The County appealed addressing every issue raised in the superior court. MWD cross-appealed arguing that because the action arose from a contract, it was entitled to receive attorneys' fees under A.R.S. § 12-341.01(A), in addition to A.R.S. § 12-348. The amici curiae filed a brief directed at issues arising from the public trust doctrine and access to Lake Pleasant.

I

Between 1901 and 1918, MWD's predecessor, the Agua Fria Water and Land Company, obtained a federal right of way grant to all the land underlying Lake Pleasant and land lying within 50 feet of the water's edge. The right of way permits MWD to use the land as a reservoir for irrigation water and for other "purposes of a public nature."

MWD was organized in 1925 to provide irrigation water to lands west of Phoenix. MWD completed Waddell Dam and Camp Dyer Diversion Dam in 1928, impounding the Agua Fria River to create the reservoirs known as Lake Pleasant and Lower Lake Pleasant. MWD owns irrigation appropriation rights to the water stored in Lake Pleasant dating from the 1920s. In 1986, the Arizona Department of Water Resources (DWR) added domestic, stock watering, recreation and wildlife as other permitted appropriational uses.

MWD's facilities created extensive recreational opportunities. In 1956, after years of increasing public use, MWD approached the County regarding the establishment of a regional park at Lake Pleasant. Beginning in 1960, the County acquired by deeds, federal patents and state leases land surrounding and underlying Lake Pleasant. The County established Lake Pleasant Regional Park on this land. The documents conveying these interests to the County contain clauses recognizing existing rights of way; the County's interests are subject to MWD's federal grant. The County may continue to operate the park provided it does not interfere with MWD's right of way.

In 1969, the parties entered into a cooperative agreement recognizing the establishment of Lake Pleasant Regional Park and providing the County with "the exclusive right to use the surface of [Lake Pleasant] ... for recreational purposes." The County began to collect user fees to defray the park's operating costs.

In 1984, MWD requested that the 1969 agreement be amended, based on increased costs necessary to comply with federal and state dam safety requirements, to provide for a $2.00 fee for each vehicle entering the park to be collected by the County and remitted to MWD. 1 MWD thought that the park visitors should share the expense of maintaining and operating the dams because these facilities made public recreation possible.

The County initially disputed MWD's legal authority to request a $2.00 fee for public recreational use of Lake Pleasant, but agreed to collect the fee for MWD's benefit after soliciting the county attorney's advice. MWD agreed to pay the County's collection costs and to terminate the agreement when the federal government relieves MWD of responsibility for Waddell Dam. 2 For some undisclosed reason, the County became disenchanted with this arrangement and initiated the present action.

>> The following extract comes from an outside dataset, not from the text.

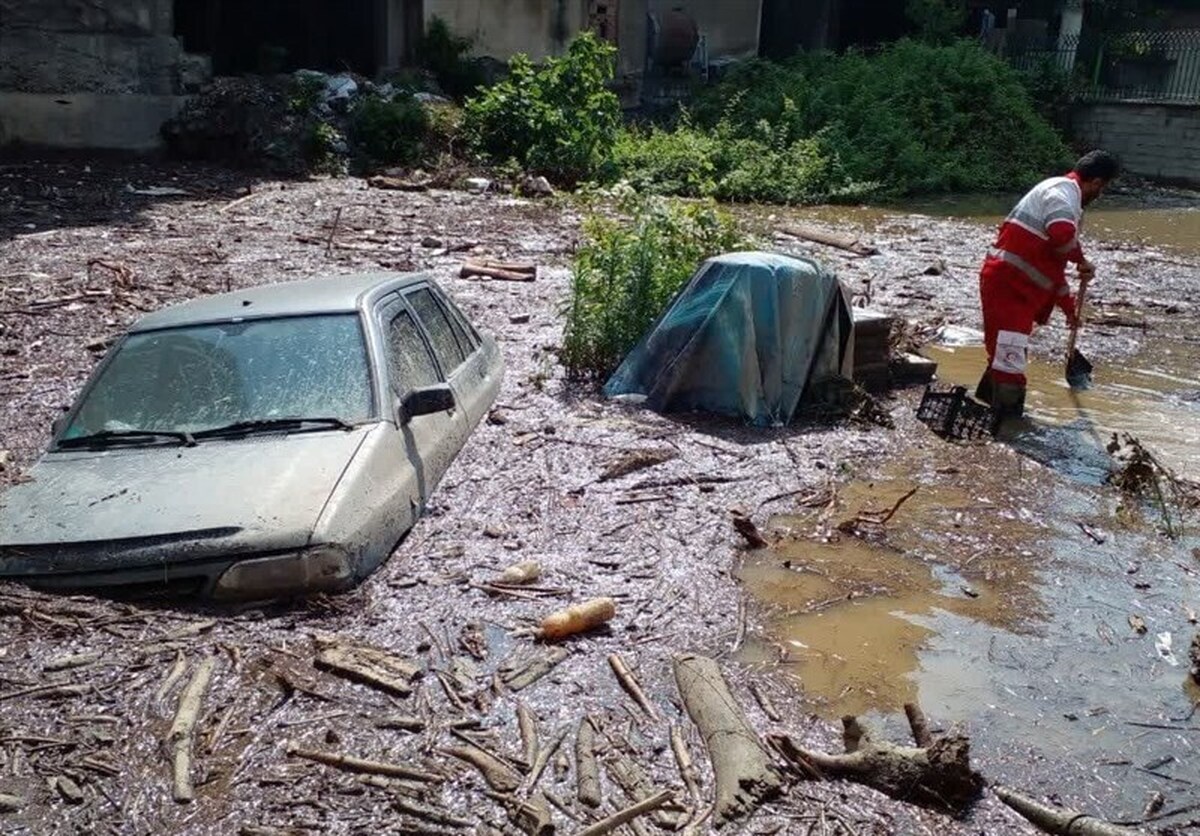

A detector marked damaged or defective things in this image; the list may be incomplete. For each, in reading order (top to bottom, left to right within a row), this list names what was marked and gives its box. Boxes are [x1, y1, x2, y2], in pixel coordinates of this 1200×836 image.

broken windshield [59, 316, 376, 444]
flood-damaged sedan [0, 272, 502, 596]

MWD claims the exclusive right to control public recreation and charge a $2.00 entrance fee to Lake Pleasant Regional Park based on federal grants and state water appropriations obtained for the construction and operation of Waddell Dam. 3 The County challenges MWD's right to collect and receive the $2.00 fee contending that its interests, obtained solely for the specific purpose of providing public recreation provide it with the exclusive right to receive fees associated with the park's use.

We believe that the validity of the agreement and the $2.00 fee hinges on each party's authority to enter into the agreement. As political subdivisions, both MWD and the County must be granted the power to establish, maintain and assess public recreation at Lake Pleasant. Absent such power, the contract would be void. We hold that each party possesses the power to perform these functions. Because we conclude that the agreement and the $2.00 fee are valid, we need not decide the other numerous issues raised in the parties' briefs and the amici curiae's brief regarding water rights and the public trust doctrine. 4 Additionally, we find the arguments addressing the affirmative defenses and standing to be without merit.

II
A

MWD's powers are controlled by statute and the Arizona Constitution. The legislature has declared that improvement districts such as MWD are municipal corporations. A.R.S. § 48-2901. The powers of a municipal corporation are those that are given it by the state. Town of Holbrook v. Nutting, 57 Ariz. 360, 362, 114 P.2d 226, 226-27 (1941); McClintock v. City of Phoenix, 24 Ariz. 155, 158, 207 P. 611, 612 (1922), cited in Local 266 v. Salt River Project Agricultural Improvement & Power District, 78 Ariz. 30, 38, 275 P.2d 393, 398 (1954). The general rule is that municipal corporations, as legislative creations, possess and exercise only such powers expressly granted, those necessarily or fairly implied by or incident to the powers expressly conferred, and those essential to the accomplishment of the corporation's declared objectives and purposes. City of Glendale v. White, 67 Ariz. 231, 234, 194 P.2d 435, 437 (1948) (quoting 37 Am.Jur. Municipal Corporations, § 112, p. 722); see also C. Rhyne, The Law of Local Government Operations, § 4.7, p. 64 (1980).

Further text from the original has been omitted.